Review by Ryan Sutton
Sept. 9 (Bloomberg) -- Andre Balazs has introduced a somewhat radical concept to fashionable Meatpacking District dining: low prices.
When a big swinging hotelier charges $10 for a cocktail and $23 for a steak, something’s up. That explains the 90-minute wait for a walk-in table at the Standard Grill on a Thursday. I gave the host my number.
Dutifully, she called back just under 90 minutes later, by which time we were eating at the bar.
The good news is the Standard approaches Keith McNally’s Pastis and Balthazar as one of the city’s better all-day hangouts for glamorous, if not complete, gustatory bliss.
The lighting is just dim enough to make diners feel like they’re wearing sunglasses indoors, which does nothing to stop diners from wearing sunglasses indoors.
Location: right under the High Line in the Standard Hotel. That means a gorgeous crowd from the galleries of Chelsea. They can splurge their dwindling commissions on a cheap glass of Dom Perignon. Most places would charge $40. Here, they even throw in half a dozen creamy, not-too-cold oysters. I call it the “starving model combo meal.” Cost: $35.
That’s a penny more than the “Walk of Shame” morning- after kit, promoted on the Standard’s blog (includes a dress and flip-flops). Balazs knows how to attract guests not just with affordable prices (most everything’s under $25) but with a bit of controversy. Reports of X-rated activities in the hotel’s very transparent windows have drawn national television coverage, as well as the ire of New York City Council Speaker Christine Quinn.
Free Meat
The bar can get four deep. Try the extra-spicy riff on a Moscow Mule (vodka with ginger beer), correctly served in a copper tin.
Take your drink and hover near the salami station. The smell of charcuterie overwhelms the stench of perfume. (It reminds you of when the Meatpacking District smelled like meat.) The butchers occasionally furnish free ham.

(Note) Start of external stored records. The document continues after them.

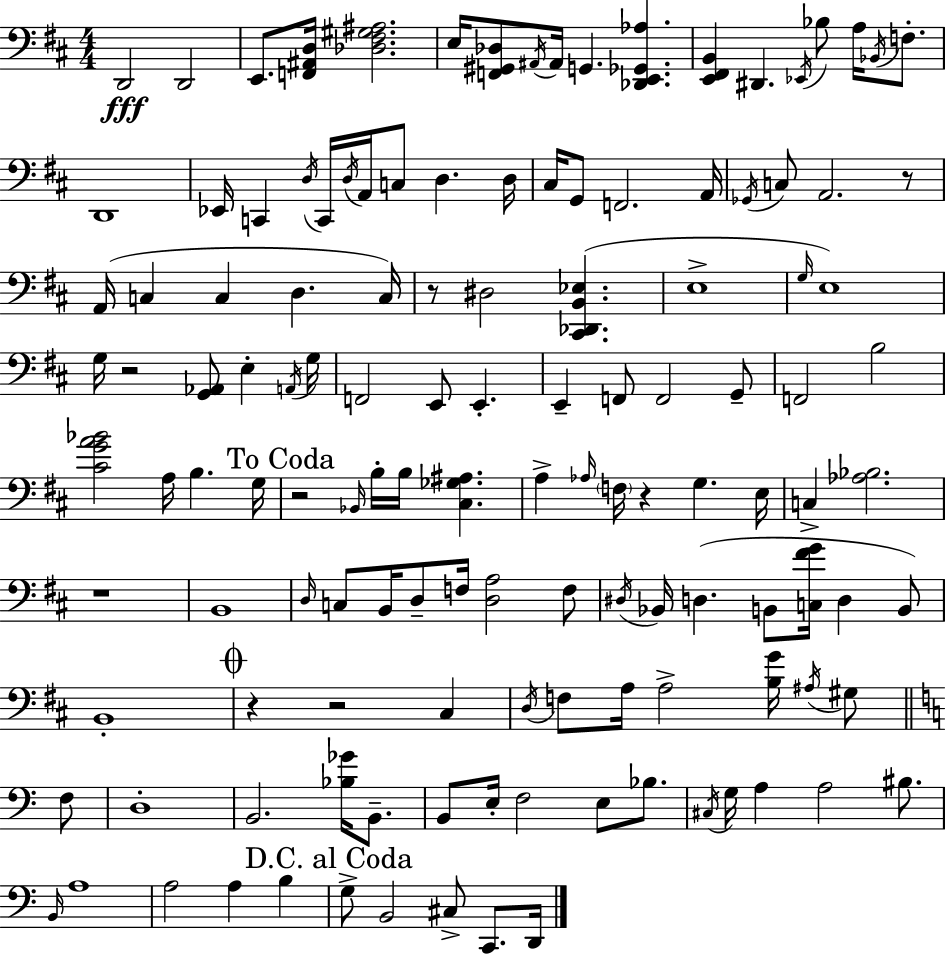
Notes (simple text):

D2/h D2/h E2/e. [F2,A#2,D3]/s [Db3,F#3,G#3,A#3]/h. E3/s [F2,G#2,Db3]/e A#2/s A#2/s G2/q. [Db2,E2,Gb2,Ab3]/q. [E2,F#2,B2]/q D#2/q. Eb2/s Bb3/e A3/s Bb2/s F3/e. D2/w Eb2/s C2/q D3/s C2/s D3/s A2/s C3/e D3/q. D3/s C#3/s G2/e F2/h. A2/s Gb2/s C3/e A2/h. R/e A2/s C3/q C3/q D3/q. C3/s R/e D#3/h [C#2,Db2,B2,Eb3]/q. E3/w G3/s E3/w G3/s R/h [G2,Ab2]/e E3/q A2/s G3/s F2/h E2/e E2/q. E2/q F2/e F2/h G2/e F2/h B3/h [C#4,G4,A4,Bb4]/h A3/s B3/q. G3/s R/h Bb2/s B3/s B3/s [C#3,Gb3,A#3]/q. A3/q Ab3/s F3/s R/q G3/q. E3/s C3/q [Ab3,Bb3]/h. R/w B2/w D3/s C3/e B2/s D3/e F3/s [D3,A3]/h F3/e D#3/s Bb2/s D3/q. B2/e [C3,F#4,G4]/s D3/q B2/e B2/w R/q R/h C#3/q D3/s F3/e A3/s A3/h [B3,G4]/s A#3/s G#3/e F3/e D3/w B2/h. [Bb3,Gb4]/s B2/e. B2/e E3/s F3/h E3/e Bb3/e. C#3/s G3/s A3/q A3/h BIS3/e. B2/s A3/w A3/h A3/q B3/q G3/e B2/h C#3/e C2/e. D2/s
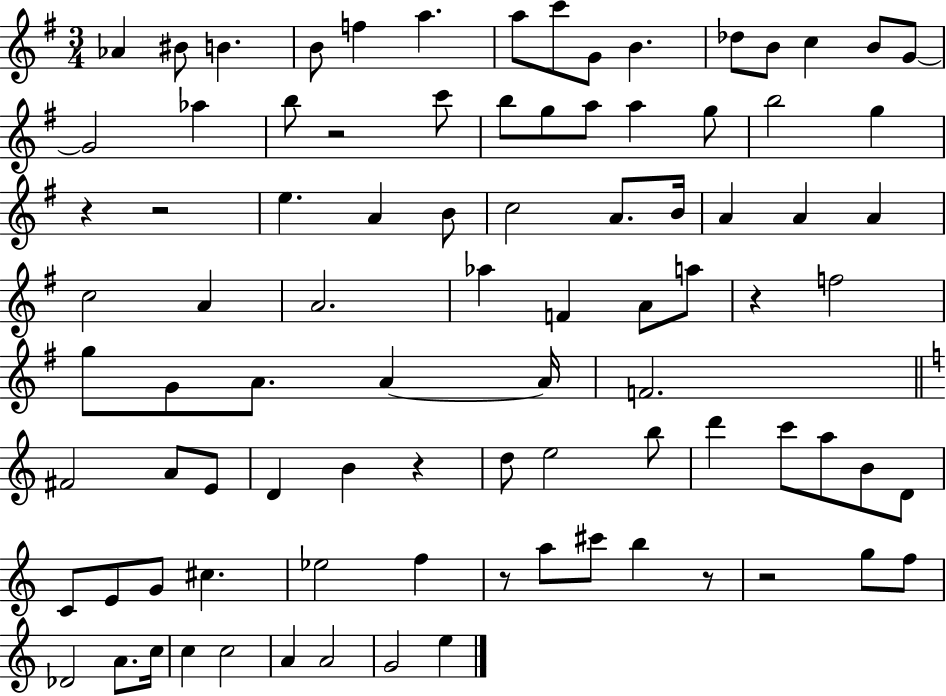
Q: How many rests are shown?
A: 8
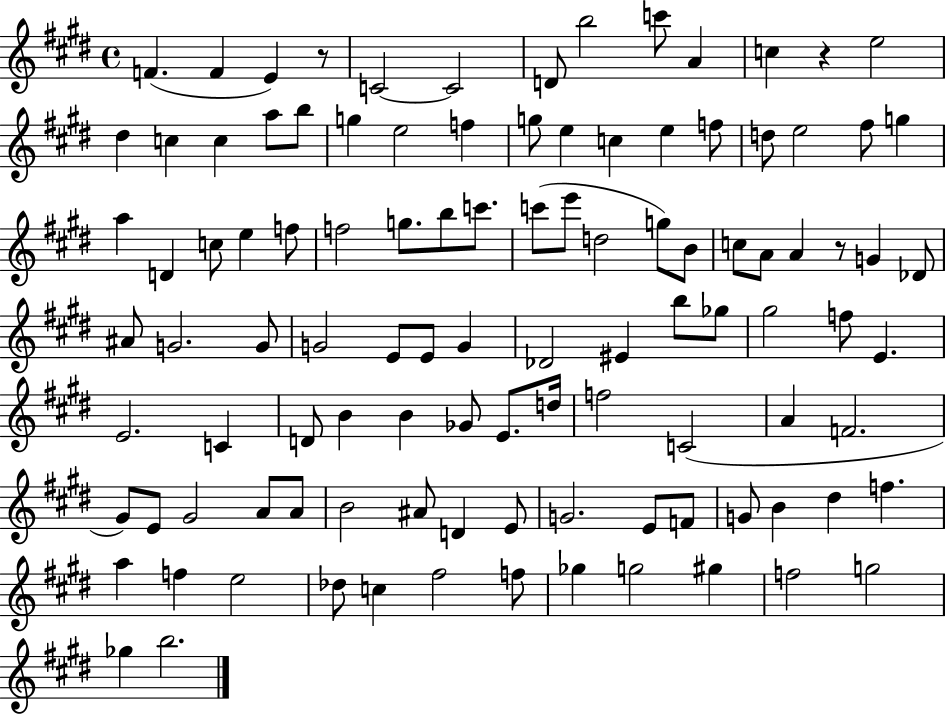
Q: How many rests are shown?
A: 3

Tip them for the Jamon Iberico, cut into thick, buttery, nutty slices. Makes Prosciutto di Parma seem like amateur stuff.
Chef Dan Silverman, who did Michelin-starred fare at Lever House and miserable fare at Sunset Beach (also by Balazs) on Shelter Island, now gives us solid French-American brasserie fare. Firm pea ravioli are swathed in a pool of lemon butter.
Peking Octopus
Lobster Louis is like a lobster roll without the roll -- a giant, tasty mess of sweet flesh slathered in spicy mayo. Squid is stuffed with merguez sausage; it leaves a brilliantly smoky, lingering aftertaste. Octopus must be Peking duck in disguise, with impossibly crispy suction cups and tender flesh.
Silky almond soup must be the nearest thing to drinkable olive oil and vinegar. Hollandaise sauce arrives in a carafe to save an overcooked halibut.
Eat to be seen, so sit outside and people watch. The bar, soft white, is as loud as a jackhammer. The dining room, with steakhouse reds and browns, is mostly for reservations in the prime-time hours. But who wants to call two weeks in advance for over-chilled foie gras, under-salted beef tartare and an average New York strip?
The latter had neither a heat-protecting bone nor that signature layer of fat, resulting in an overcooked cut of meat that wouldn’t have been out of place at Sizzler. The cheap rib- eye for two ($65) tastes cheap too, with little dry-aged flavor. The pork chop ($18) is the game changer here because it eats like a steak. The outside is hot and charred with rendered, tasty fat. The interior is cool and medium rare.
Arrive late and skip the wait. The $14 burger is on the after-hours menu. The dense, hefty patty comes with fries and a heady, almost musty collection of aged cheddar and thick bacon; the extras are a welcome rarity in the a la carte burger era, when ground meat often pretends to be steak.
Finish with the extra-sour lemon meringue tart. If you’re fab enough to be here, you probably need the calories.
Rating **
The Bloomberg Questions
Cost? Most dishes under $25.
Sound level? Bar: Thunderous. Dining room: Quieter.
Date place? Yes.
Inside tip? Pork chop and lobster are the best dishes.
Special feature? You’re right below the High Line park.
Private room? Yes.
Will I be back? Late at night when the crowds thin.
The Standard Grill is at 848 Washington St. Information: +1-212-645-4100; http://www.thestandardgrill.com.
What the Stars Mean: **** Incomparable food, service, ambience. *** First-class of its kind. ** Good, reliable. * Fair. No stars Poor.
(Ryan Sutton writes about New York City restaurants for Bloomberg News. The opinions expressed are his own.)